Though it’s called a swap meet, it’s not as if people are up there trading baseball cards like a bunch of school boys. What’s being exchanged are parts and pieces for cold hard cash money.
And it’s not just the people there to see the cars who are buying.
I asked several of the vendors how business was. Several said Friday had been terrific, but that most of the show-goers were still out looking at cars and had yet to make their way to the swap meet.
However, one vendor said that not only was Friday good, but so was Thursday.
Thursday? I asked. Isn’t that the day you’re setting up shop, the day when there are no customers here to buy.
True, he said.
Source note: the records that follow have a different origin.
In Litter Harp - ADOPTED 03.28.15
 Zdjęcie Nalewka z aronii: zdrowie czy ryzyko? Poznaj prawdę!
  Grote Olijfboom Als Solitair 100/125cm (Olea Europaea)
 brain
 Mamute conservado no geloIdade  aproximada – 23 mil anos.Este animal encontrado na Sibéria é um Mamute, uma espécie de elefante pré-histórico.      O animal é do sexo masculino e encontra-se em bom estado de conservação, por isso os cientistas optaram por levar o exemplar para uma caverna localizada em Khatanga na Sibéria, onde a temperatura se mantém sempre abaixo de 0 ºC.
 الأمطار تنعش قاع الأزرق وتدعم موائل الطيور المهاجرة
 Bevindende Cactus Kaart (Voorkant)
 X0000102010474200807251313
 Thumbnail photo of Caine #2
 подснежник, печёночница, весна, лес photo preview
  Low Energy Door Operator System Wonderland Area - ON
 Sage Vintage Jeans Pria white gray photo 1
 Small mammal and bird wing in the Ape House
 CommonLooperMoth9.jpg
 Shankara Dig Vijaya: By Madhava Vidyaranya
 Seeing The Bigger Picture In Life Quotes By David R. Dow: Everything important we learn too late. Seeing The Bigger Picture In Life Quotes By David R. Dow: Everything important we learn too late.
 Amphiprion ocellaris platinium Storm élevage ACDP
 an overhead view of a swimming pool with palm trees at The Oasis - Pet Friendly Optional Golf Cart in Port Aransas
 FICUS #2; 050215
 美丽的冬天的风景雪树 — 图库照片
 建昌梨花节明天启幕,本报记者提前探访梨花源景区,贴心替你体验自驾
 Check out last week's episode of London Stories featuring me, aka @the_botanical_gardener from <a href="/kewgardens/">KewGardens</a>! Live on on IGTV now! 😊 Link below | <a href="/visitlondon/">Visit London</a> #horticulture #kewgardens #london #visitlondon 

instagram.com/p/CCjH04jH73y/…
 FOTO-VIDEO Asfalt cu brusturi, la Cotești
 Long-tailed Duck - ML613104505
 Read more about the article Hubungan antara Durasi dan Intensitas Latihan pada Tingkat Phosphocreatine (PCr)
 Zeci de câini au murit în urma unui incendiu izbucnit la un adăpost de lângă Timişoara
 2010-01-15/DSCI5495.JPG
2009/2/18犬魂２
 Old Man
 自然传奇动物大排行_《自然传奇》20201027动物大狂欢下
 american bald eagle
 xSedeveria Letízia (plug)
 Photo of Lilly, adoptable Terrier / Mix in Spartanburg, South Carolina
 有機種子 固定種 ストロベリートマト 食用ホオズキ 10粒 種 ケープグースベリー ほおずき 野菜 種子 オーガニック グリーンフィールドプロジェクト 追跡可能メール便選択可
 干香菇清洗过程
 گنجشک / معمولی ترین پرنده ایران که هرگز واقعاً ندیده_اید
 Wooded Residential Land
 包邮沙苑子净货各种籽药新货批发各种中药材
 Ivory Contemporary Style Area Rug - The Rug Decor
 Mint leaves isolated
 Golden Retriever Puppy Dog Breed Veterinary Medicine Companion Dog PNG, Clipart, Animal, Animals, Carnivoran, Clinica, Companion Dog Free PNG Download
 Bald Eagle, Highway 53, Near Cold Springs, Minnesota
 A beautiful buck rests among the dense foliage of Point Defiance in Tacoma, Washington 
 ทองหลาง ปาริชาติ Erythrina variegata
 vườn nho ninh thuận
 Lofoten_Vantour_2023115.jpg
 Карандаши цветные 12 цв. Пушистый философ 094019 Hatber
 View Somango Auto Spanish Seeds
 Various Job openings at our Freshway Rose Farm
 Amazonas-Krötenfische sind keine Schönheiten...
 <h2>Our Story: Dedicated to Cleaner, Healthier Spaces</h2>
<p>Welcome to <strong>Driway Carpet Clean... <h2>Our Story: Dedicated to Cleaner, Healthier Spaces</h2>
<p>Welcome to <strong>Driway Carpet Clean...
But then he explained that there is actually a lot of buying that takes place on Thursdays when the vendors check out each others’ merchandise.
So, I said, if they think you’re not charging enough for something, they buy it and put it on their own tables?
Yep, was the response.
Prices can range from a few dollars to a few thousand, with everything for sale from door-window crank handles and tail-lamp lenses to headers, engines and even entire cars; some are your basic restoration projects in waiting while others are running and ready to be driven home.
Some bring only enough to fill a single card table and the ground next to it. Some pull up in a pickup truck with its bed full of car parts and pieces. Others have more elaborate displays of everything from automotive literature to model cars, from road signs to old drive-in movie theater speakers now wi-fied to play music downloaded to a smart phone or tablet computer.